Despite the size, they still squeeze in a lot. The earbuds themselves are IPX4 sweat and water-resistant, and have a custom 8.2mm driver with a two chamber acoustic design and a two-piece diaphragm that was specially made for ANC. All-new silicone ear-tips are included in new small, medium, and large sizes, and which Beats claims were designed after analyzing thousands of different ear shapes.

As for the active noise cancellation, that's of Beats' own design, too, rather than the system Apple developed for its AirPods Pro. There's a Transparency mode as well, with real-time adaptive gain control to allow through some environmental noise or conversation. Beats puts dual beam-forming microphones on each side.

You can switch between the two with a long-press on the "b" button on each earbud. That also works to answer and end calls, and handle music playback. It's a physical button, with Beats saying that it wanted the confidence and reliability of that rather than a capacitive control.

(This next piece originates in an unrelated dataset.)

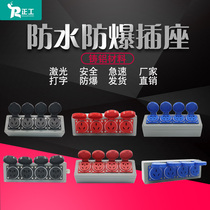 250*80*64mm waterproof socket four-hole three-hole five hole 10a16a fire security dust wiring board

Out of the box, both earbuds default to the same button shortcuts; the button on each can be remapped, however. With iPhone, there's "Hey Siri" voice triggering for Apple's assistant, but if you're an Android user you might want to remap one of the long-press shortcuts to trigger the Google Assistant instead, as there's no wake word support for that. Beats says it's looking at what features could be added later to add further parity there; similarly absent right now is aptX profile support, with the Studio Buds using AAC.

Customizations are managed in the iOS settings, or through the Beats app for Android. The latter is also where Android users will find firmware updates and battery status.

As for battery life, with ANC on you're looking at 5 hours of music playback from the earbuds' batteries, and then two full charges from the case for a total of 15 hours. Switch ANC off, and you can expect 8 hours of listening, and up to 24 hours total. Five minutes of charging in the case is good for an hour of ANC-off playback, using Beats' Fast Fuel system.

The case itself charges via USB-C, though there's no wireless charging option as AirPods Pro support. Also missing is in-ear detection to automatically pause music when you pull an earbud out, and resume it when you put it back in. Beats says the sensor that would require would simply take up too much space.

Size is, of course, one big advantage over previous Beats earbuds. 2019's Powerbeats Pro will remain on-sale alongside the Studio Buds – their ear-hook design makes them more suited to sports use – but while the earbuds themselves are smaller, it's the Studio Buds' charging case that has shrunk down considerably, and which makes the whole thing far more pocket-friendly.

The Beats Studio Buds go on sale today, priced at $149.99. They're available in black, white, and Beats red, and will ship from June 24.